Activity: Below are entries; output exactly the lines from the one with "Power bank HOCO" to the one with "Pressure Washer Extension", both included, and nothing else.

(Crawled caption data)
= = = =
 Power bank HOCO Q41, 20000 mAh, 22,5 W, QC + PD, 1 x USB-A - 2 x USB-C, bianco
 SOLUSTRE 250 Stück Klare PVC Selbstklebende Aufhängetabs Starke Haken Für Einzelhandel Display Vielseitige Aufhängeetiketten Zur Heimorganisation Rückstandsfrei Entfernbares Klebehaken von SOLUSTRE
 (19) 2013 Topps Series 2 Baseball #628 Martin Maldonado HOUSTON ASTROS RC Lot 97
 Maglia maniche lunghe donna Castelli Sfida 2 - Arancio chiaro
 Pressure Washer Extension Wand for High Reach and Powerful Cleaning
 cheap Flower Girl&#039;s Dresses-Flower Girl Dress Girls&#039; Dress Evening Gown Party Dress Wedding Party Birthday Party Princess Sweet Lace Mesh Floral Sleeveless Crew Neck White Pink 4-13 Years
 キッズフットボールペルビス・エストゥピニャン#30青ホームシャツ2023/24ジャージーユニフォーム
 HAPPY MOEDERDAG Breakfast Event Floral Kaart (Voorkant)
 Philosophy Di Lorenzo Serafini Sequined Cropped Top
= = = =
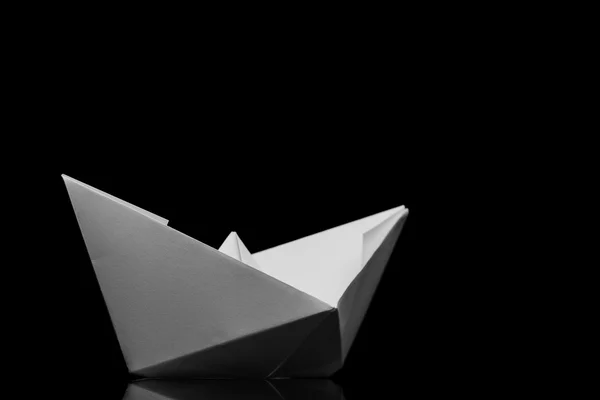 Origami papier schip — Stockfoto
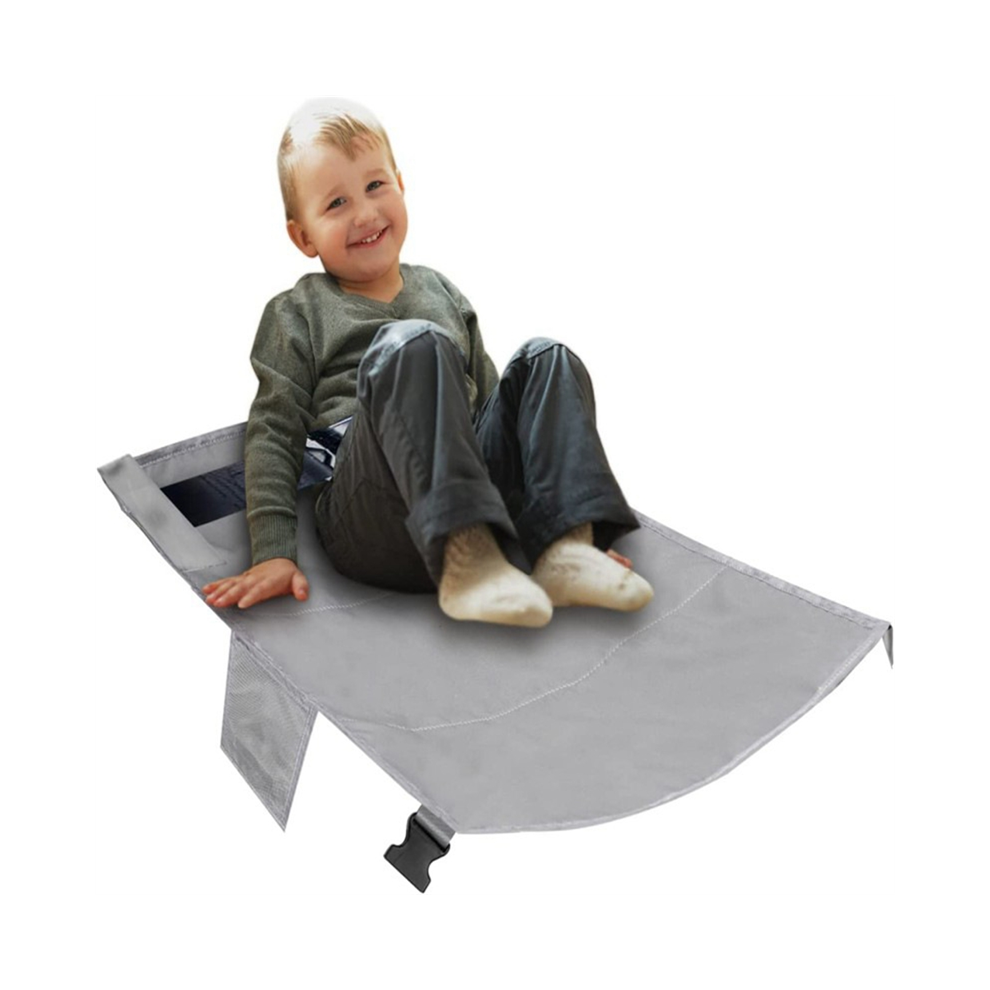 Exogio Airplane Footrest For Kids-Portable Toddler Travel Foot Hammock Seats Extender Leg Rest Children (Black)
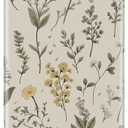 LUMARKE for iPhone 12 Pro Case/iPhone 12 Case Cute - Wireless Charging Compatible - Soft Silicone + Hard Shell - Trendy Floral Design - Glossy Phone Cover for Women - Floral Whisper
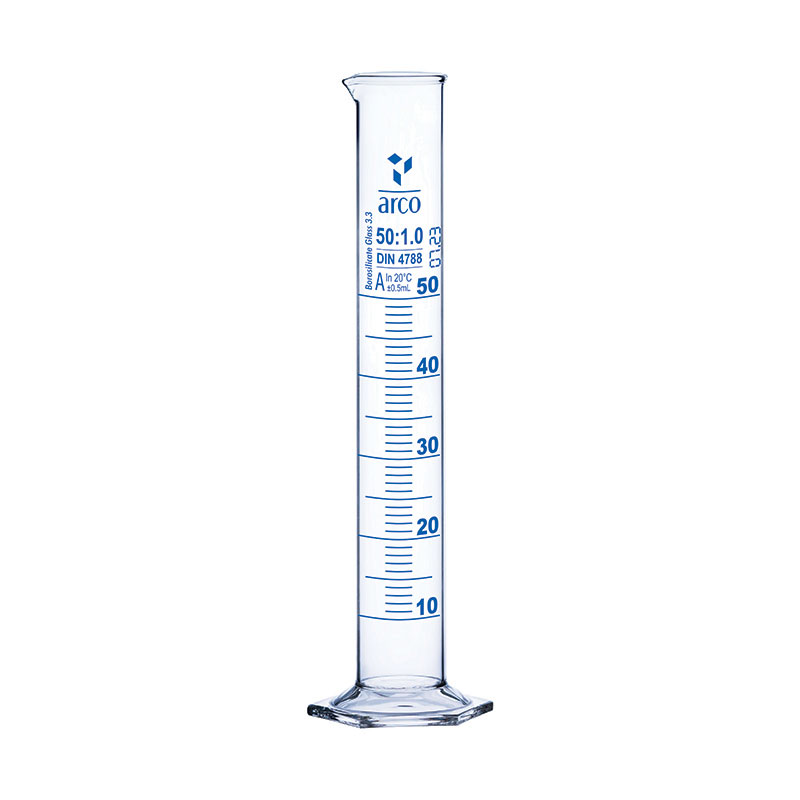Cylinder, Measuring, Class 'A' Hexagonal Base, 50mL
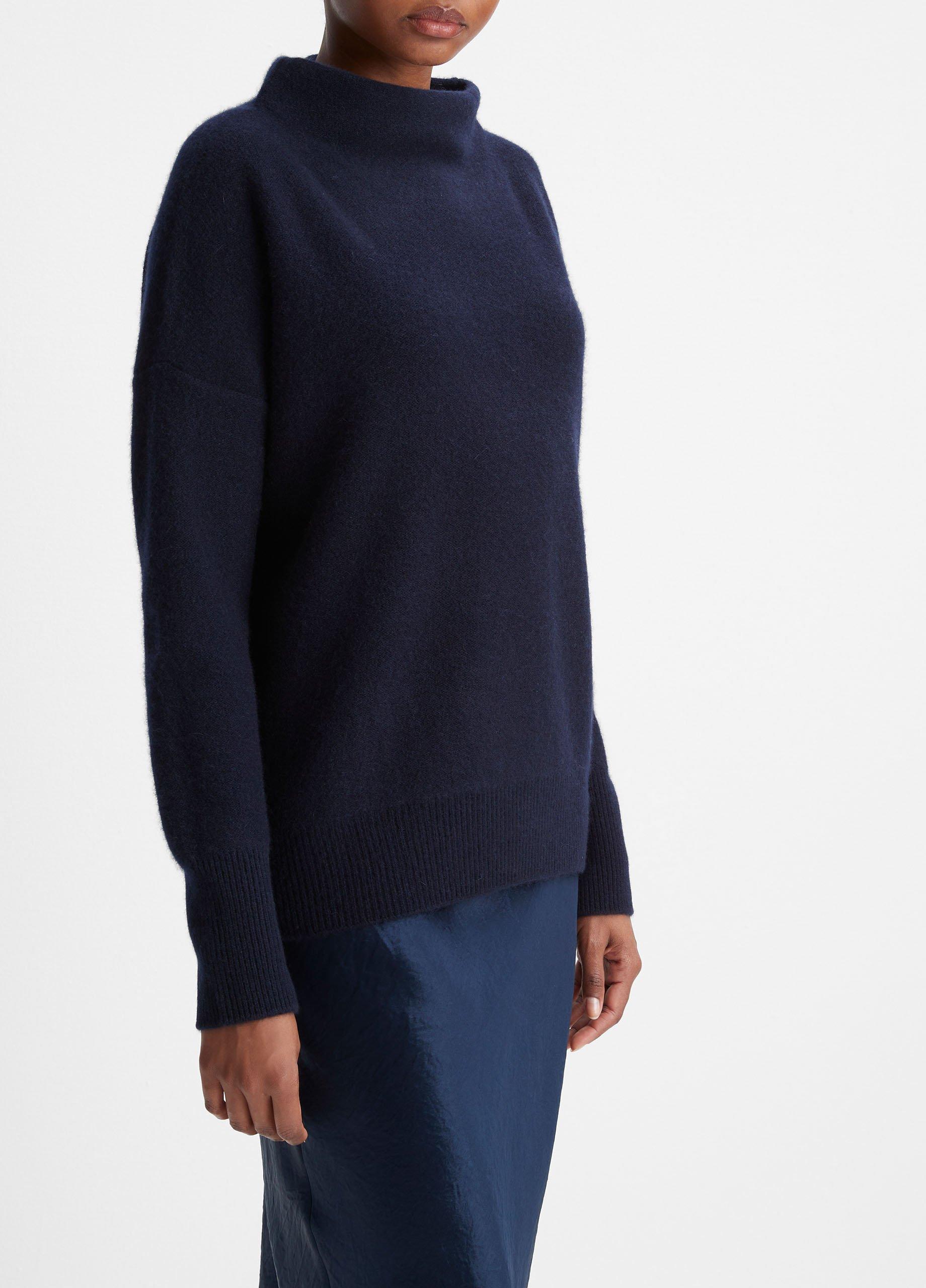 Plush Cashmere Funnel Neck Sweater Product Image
= = = =
Reply:
 Power bank HOCO Q41, 20000 mAh, 22,5 W, QC + PD, 1 x USB-A - 2 x USB-C, bianco
 SOLUSTRE 250 Stück Klare PVC Selbstklebende Aufhängetabs Starke Haken Für Einzelhandel Display Vielseitige Aufhängeetiketten Zur Heimorganisation Rückstandsfrei Entfernbares Klebehaken von SOLUSTRE
 (19) 2013 Topps Series 2 Baseball #628 Martin Maldonado HOUSTON ASTROS RC Lot 97
 Maglia maniche lunghe donna Castelli Sfida 2 - Arancio chiaro
 Pressure Washer Extension Wand for High Reach and Powerful Cleaning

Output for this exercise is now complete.